Security best practices are difficult and expensive to implement

Internal IT staff often struggles to maintain an up-to-date, standardized set of security best practices. Why? Keeping security systems running and updated with proper patches and policies is time-consuming, expensive, and difficult. New threats often require new tools or new security equipment. Few internal IT staffs can keep up with the ever-changing landscape of threats.

How can cloud infrastructure reduce the risk?

Enterprise Cloud Infrastructure platforms have best-in-class security features baked into the architecture, which enables a secure-by-default cloud experience. For instance, standard security features include: Active Directory integration, micro-segmentation, data encryption at rest, multi-factor authentication (MFA), and role-based access control (RBAC). Running applications on a fully managed Enterprise cloud platform can help you implement security best practices without having to evaluate security tools, purchase, license, implement, maintain, and update these tools.
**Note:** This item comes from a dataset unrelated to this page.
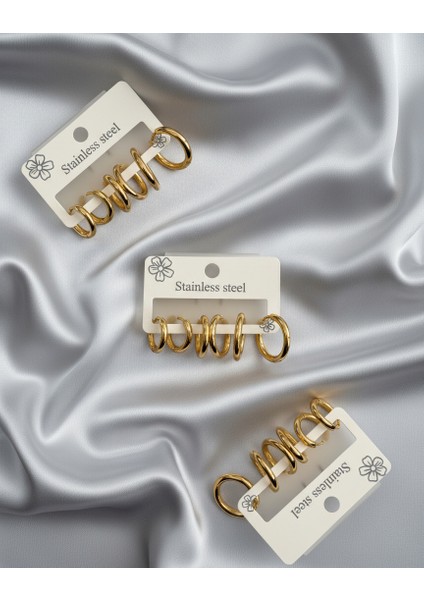 Çelik Minimalist 6lı Halka Küpe Seti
Internal IT staff needs only to work with the cloud infrastructure provider to understand the security features, then work with the provider to select and configure based on the organization’s security posture. Co-management of security tools by an enterprise cloud provider will free up your IT staff to focus on strategic projects and will reduce the ever-present cybersecurity burden on your staff and IT environment.

What security expectations should I have for an enterprise cloud provider?
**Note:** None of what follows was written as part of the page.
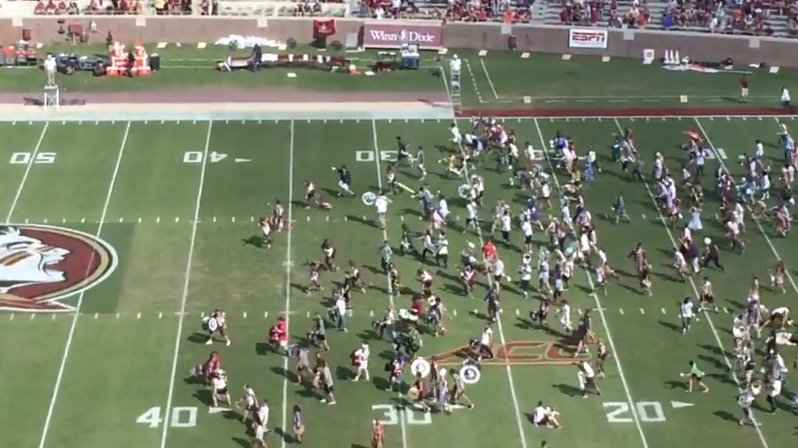 BleacherReport's tweet photo. VIDEO: FSU marching band takes the field as zombies, performs Michael Jackson’s “Thriller” https://t.co/WbWHNZyJa1 https://t.co/GhO9n0CRPe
The best enterprise cloud providers deliver these security best practices as a standard part of their offering:

•    Multiple firewalls with automated threat management and protection – Firewalls define a secure perimeter to prevent access by bad actors and to alert you if someone tries.

•    Disk-based encryption at rest – All company data is encrypted on cloud storage, making the data even more difficult to read, even in the event of a breach.

•    Multi-factor authentication (MFA) for administrators – Like an ATM card with a PIN, MFA only allows Administrators to access systems if they have a physical security token plus a passcode.

•    Network micro-segmentation – Limiting which servers can talk to each other limits systems access by bad actors even if a breach were to occur.

•    Logging and optional log aggregation of activity on computer systems with the ability to audit those logs allows forensic teams to evaluate what happened during a breach or an attempt.

Can’t I do the same thing internally?

Yes, you can implement similar tools internally, but the cost of implementing the best practices mentioned above and their associated tools can run upwards of tens of thousands of dollars per year once you factor in acquisition costs, support, maintenance, upgrades, troubleshooting and continuing education.

Today, companies leverage Enterprise cloud to increase security and decrease administration, while focusing on the business at hand.